§ **WHAT THE TASK REQUIRES**
Leaving out the images, please reproduce each line below exactly.

§ **AVAILABLE DATA**
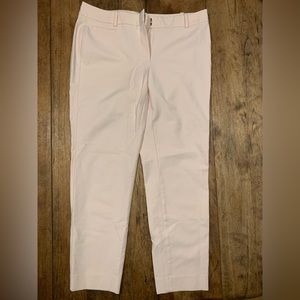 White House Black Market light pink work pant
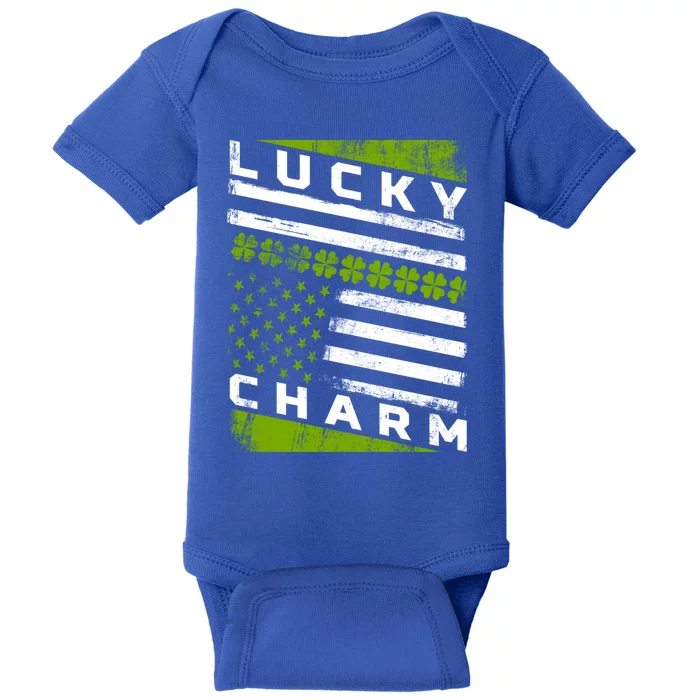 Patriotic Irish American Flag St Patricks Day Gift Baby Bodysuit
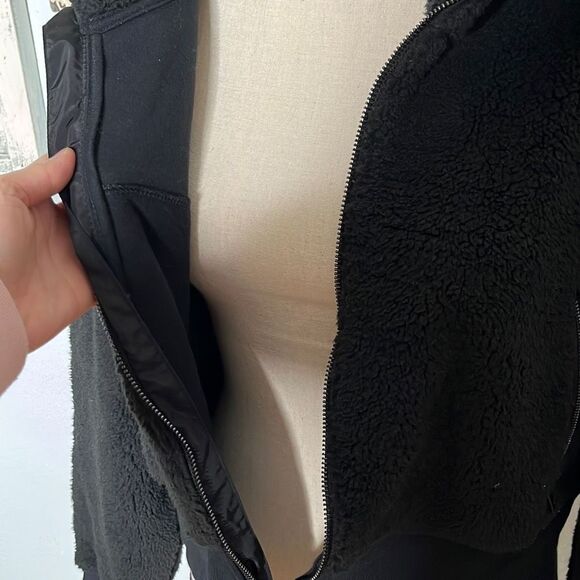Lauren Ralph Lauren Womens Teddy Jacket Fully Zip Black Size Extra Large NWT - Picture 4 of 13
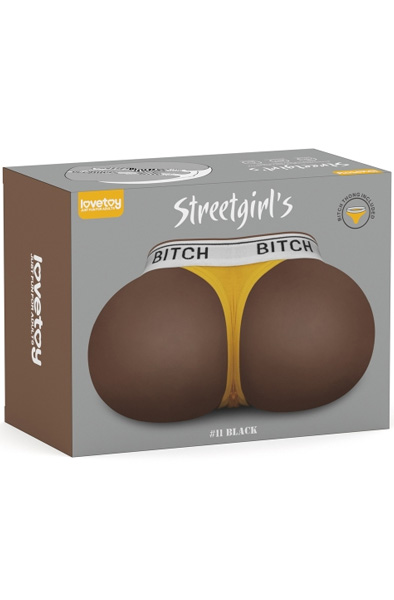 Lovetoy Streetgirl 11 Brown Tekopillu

§ **EXERCISE RESULT**
 White House Black Market light pink work pant
 Patriotic Irish American Flag St Patricks Day Gift Baby Bodysuit
Lauren Ralph Lauren Womens Teddy Jacket Fully Zip Black Size Extra Large NWT - Picture 4 of 13
 Lovetoy Streetgirl 11 Brown Tekopillu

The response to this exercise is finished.